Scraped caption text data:
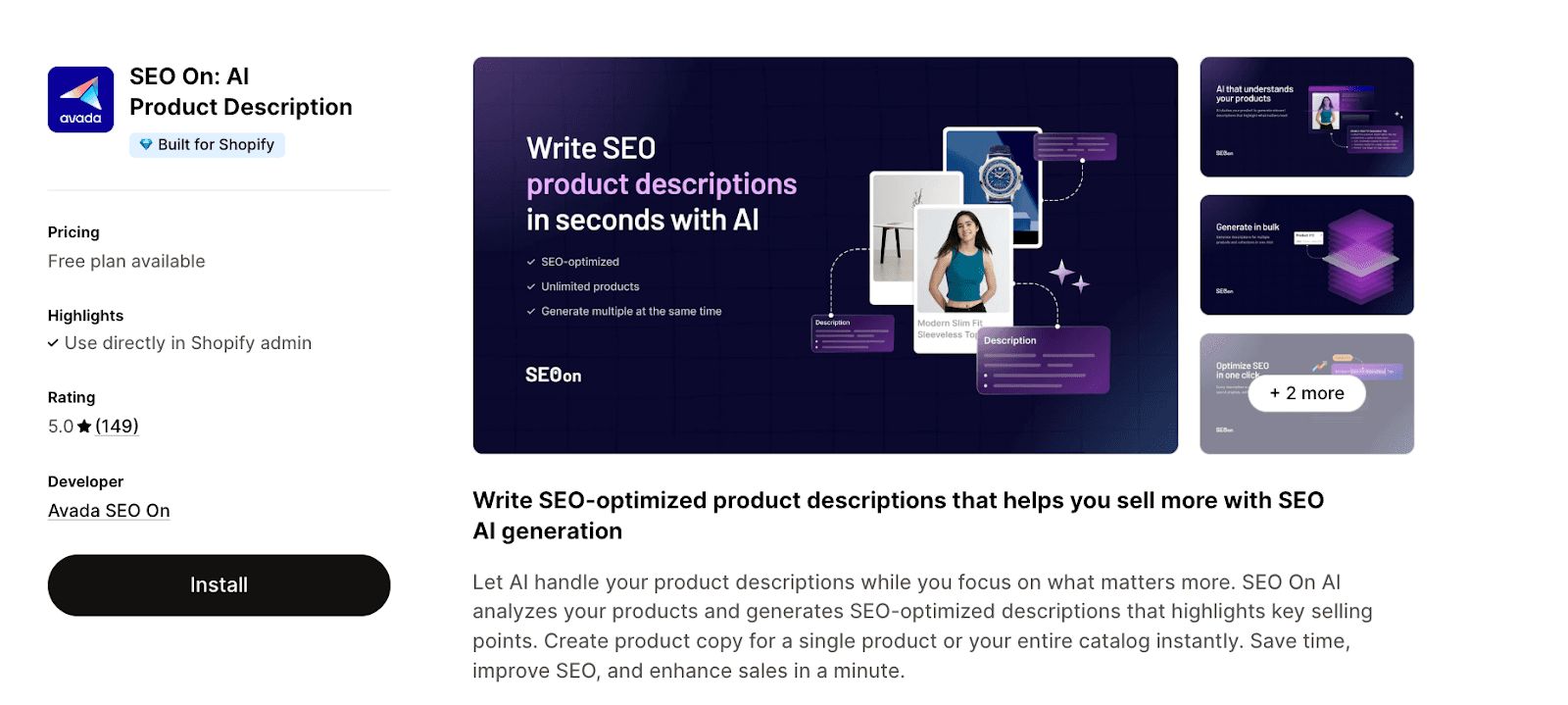 SEO On: AI Product Description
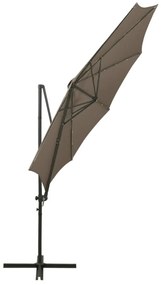 Ομπρέλα Κρεμαστή με Ιστό και LED Taupe 300 εκ. - Μπεζ-Γκρι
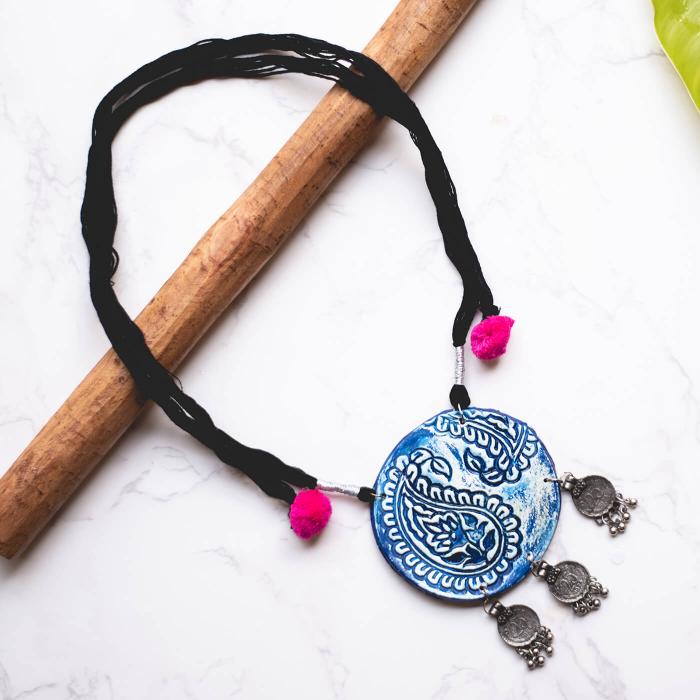 Block-Printed Blue Paisley Necklace
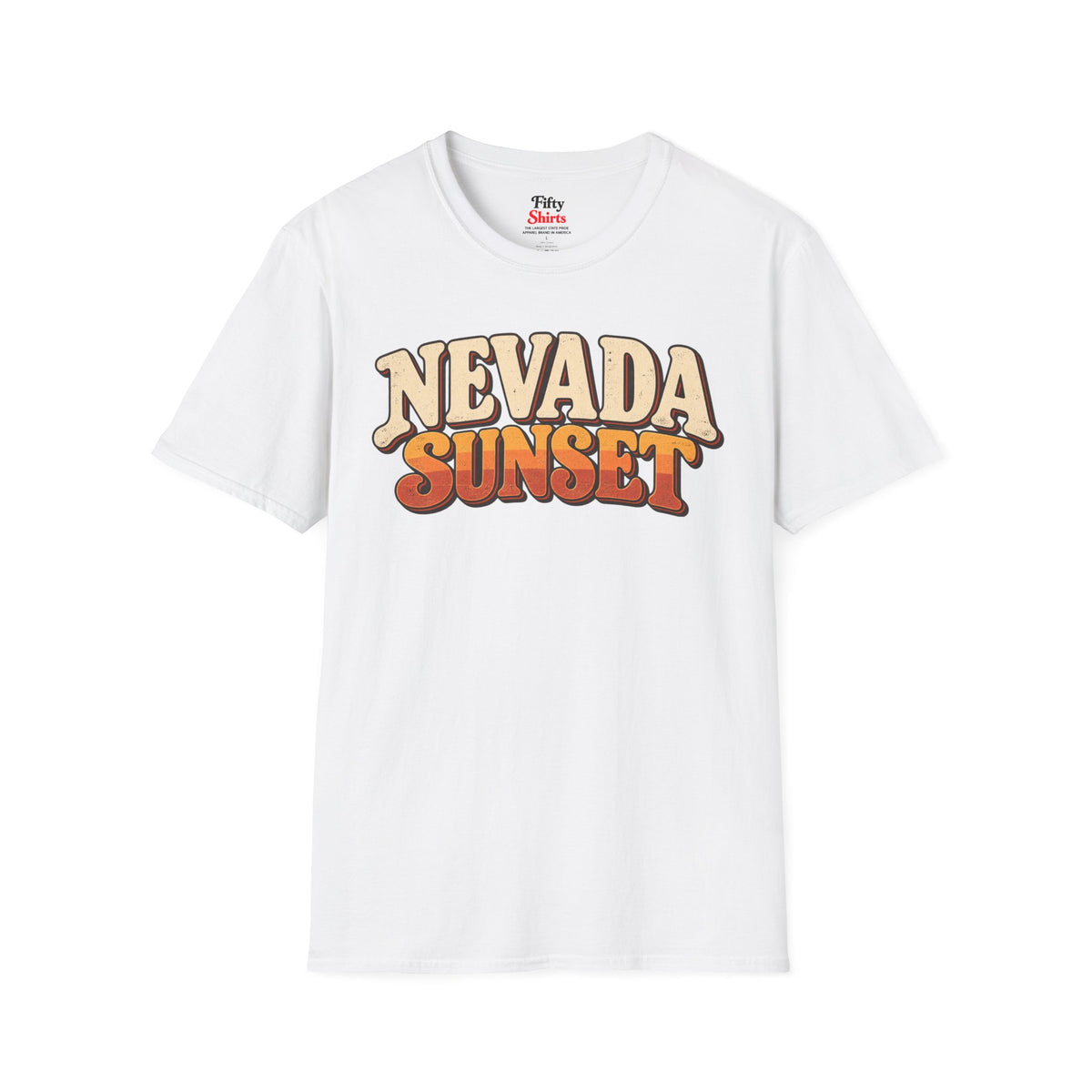 Nevada Sunset Unisex Softstyle T Shirt State Name Graphic Tee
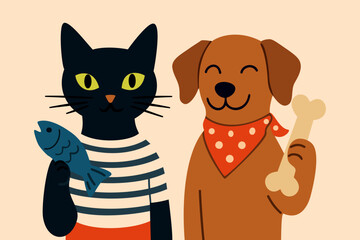 Pet shop advertisement. Black cat holding fish and brown dog holding bone. Vector poster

*Work to be completed:* Reproduce the records above exactly, but only from the line containing "Ομπρέλα Κρεμαστή με" through the last line, both included, and without any pictures.

*Your solution:*
 Ομπρέλα Κρεμαστή με Ιστό και LED Taupe 300 εκ. - Μπεζ-Γκρι
 Block-Printed Blue Paisley Necklace
 Nevada Sunset Unisex Softstyle T Shirt State Name Graphic Tee
 Pet shop advertisement. Black cat holding fish and brown dog holding bone. Vector poster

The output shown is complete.